WHAT TO WORK ON:
Using the records below, transcribe exactly only the lines from the one with "Чокер Bedroom Fantasies" through the end, both included, and drop every picture.

Caption-style text data:
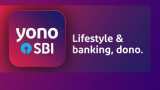 SBI launches this unique program - What it is? Its benefits? ALL DETAILS HERE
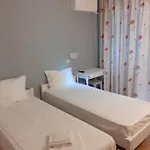 Hotel Sol *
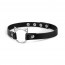 Чокер Bedroom Fantasies Kitty Choker - [Фото 4]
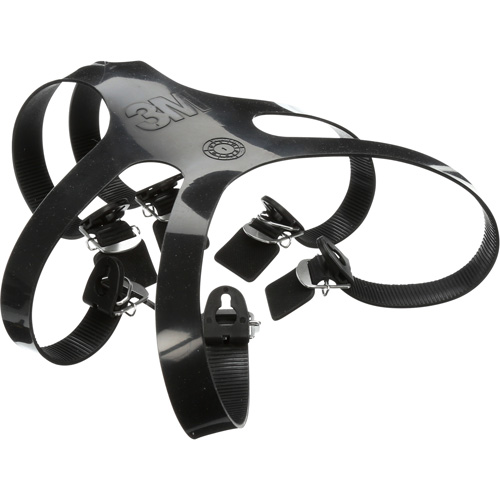 Replacement Head Strap Assemblies PB Rental Co. Ltd.
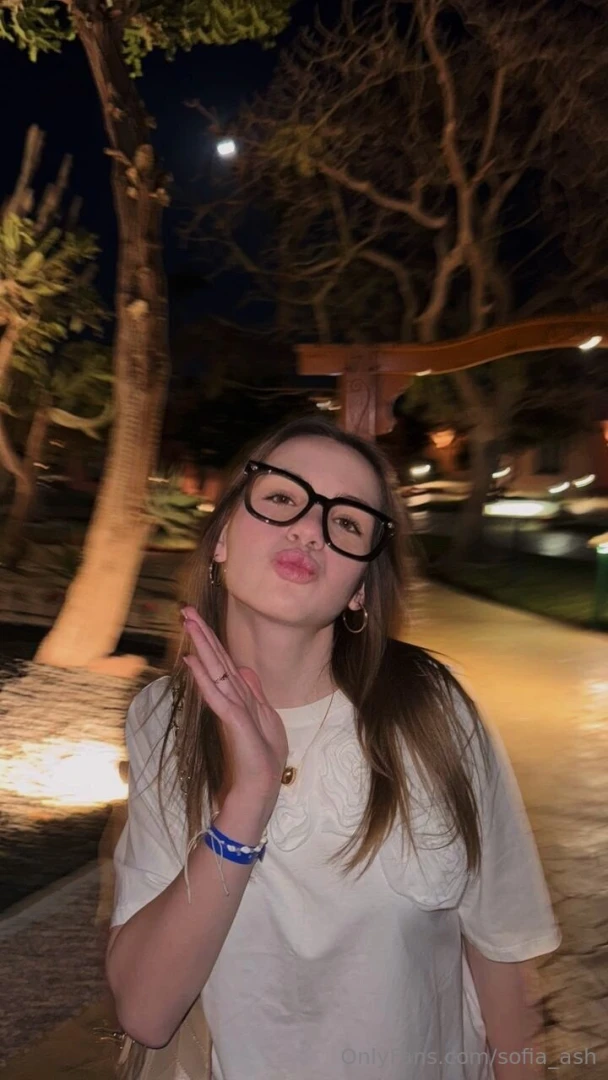 I might look like your soft girl-next-door but don t let the lashes 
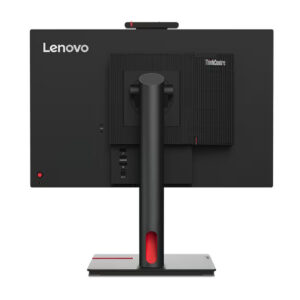 écran pc Lenovo 23.8 pouces
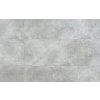 arbiton amaron forma ribeira silver CAF 256 detail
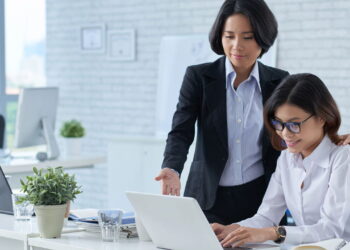 Como a jornada parcial virou a solução favorita das empresas?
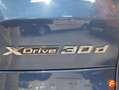 BMW X5 xDrive 30dA Bleu - thumbnail 11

THE COMPLETED TASK:
 Чокер Bedroom Fantasies Kitty Choker - [Фото 4]
 Replacement Head Strap Assemblies PB Rental Co. Ltd.
 I might look like your soft girl-next-door but don t let the lashes 
 écran pc Lenovo 23.8 pouces
 arbiton amaron forma ribeira silver CAF 256 detail
 Como a jornada parcial virou a solução favorita das empresas?
 BMW X5 xDrive 30dA Bleu - thumbnail 11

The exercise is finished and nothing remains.